What you return should match the material below line for line, except that no image appears in it.

PROVIDED ENTRIES:
━━━━━━━━━━━━━━━━━━━━━━━━━━━━━━

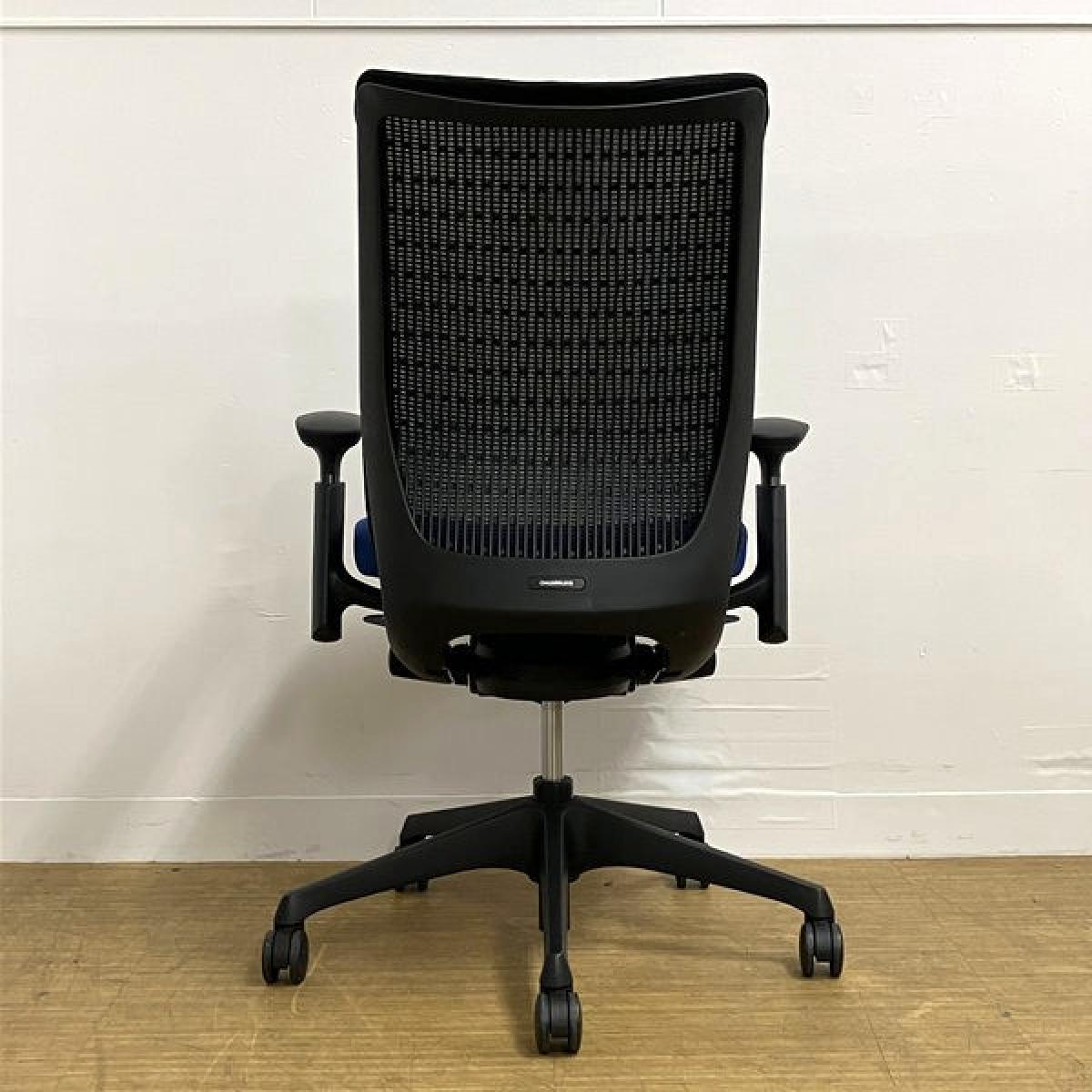 中古】ヴィスコンテチェア オカムラ/okamura 肘付ハイバックチェア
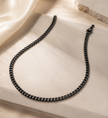 20 Inch Gunmetal Franco Chain – Premium Black Stainless Steel Jewelry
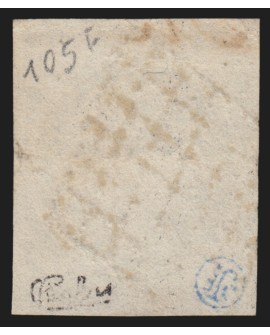 n°3, Cérès 1849, 20c noir sur jaune, oblitéré grille, signé CALVES - TB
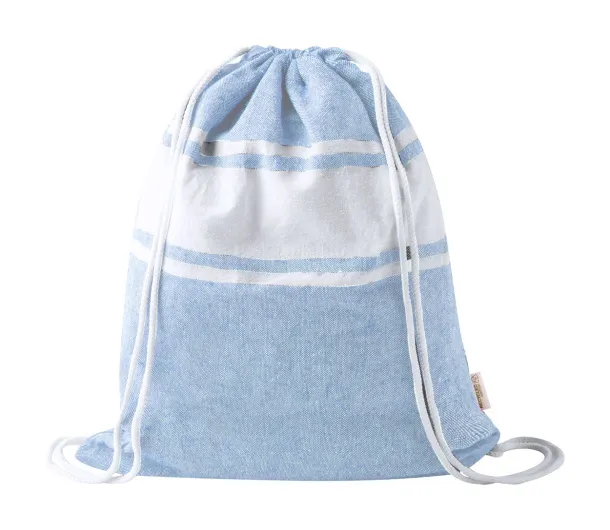 Praia beach towel and drawstring bag Light blue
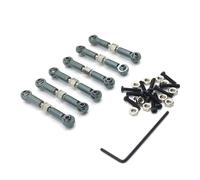 Rc Crawler Amortisseurs pour Wltoys 184011 A949 A959 A969 A979 K929 1/18 Tringlerie Métallique Tige Traction Lien Servo Avant Arrière Pièces Rechange Niveau Voiture RC(Titanium)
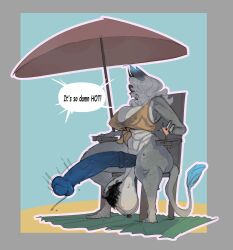 animal_genitalia animal_penis anthro ass balls beach big_balls big_breasts big_butt big_flare big_penis bikini bikini_top blue_ear_tips blue_ears blue_penis blue_tail_tip bodily_fluids breasts clothing demon dipstick_ears dipstick_tail ear_markings equine_genitalia equine_penis erection felid genitals gynomorph hi_res horn huge_balls hybrid hyper_long_penis intersex long_penis mammal markings multicolored_ears pantherine penis ragsty_towel riva_(rivetstheblue) snow_leopard solo sweat sweatdrop swimwear tail tail_markings thick_thighs two-piece_swimsuit vein veiny_penis wide_hips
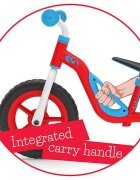 Chillafish Bicicleta de echilibru Charlie Red Usoara Cu ghidon si sa reglabile Greutate 2.5 Kg Cu roti din spuma EVA 10 inch Pentru 18-48 luni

━━━━━━━━━━━━━━━━━━━━━━━━━━━━━━

ANSWER BOX:
 中古】ヴィスコンテチェア オカムラ/okamura 肘付ハイバックチェア
 20 Inch Gunmetal Franco Chain – Premium Black Stainless Steel Jewelry
 n°3, Cérès 1849, 20c noir sur jaune, oblitéré grille, signé CALVES - TB
 Praia beach towel and drawstring bag Light blue
 Rc Crawler Amortisseurs pour Wltoys 184011 A949 A959 A969 A979 K929 1/18 Tringlerie Métallique Tige Traction Lien Servo Avant Arrière Pièces Rechange Niveau Voiture RC(Titanium)
 animal_genitalia animal_penis anthro ass balls beach big_balls big_breasts big_butt big_flare big_penis bikini bikini_top blue_ear_tips blue_ears blue_penis blue_tail_tip bodily_fluids breasts clothing demon dipstick_ears dipstick_tail ear_markings equine_genitalia equine_penis erection felid genitals gynomorph hi_res horn huge_balls hybrid hyper_long_penis intersex long_penis mammal markings multicolored_ears pantherine penis ragsty_towel riva_(rivetstheblue) snow_leopard solo sweat sweatdrop swimwear tail tail_markings thick_thighs two-piece_swimsuit vein veiny_penis wide_hips
 Chillafish Bicicleta de echilibru Charlie Red Usoara Cu ghidon si sa reglabile Greutate 2.5 Kg Cu roti din spuma EVA 10 inch Pentru 18-48 luni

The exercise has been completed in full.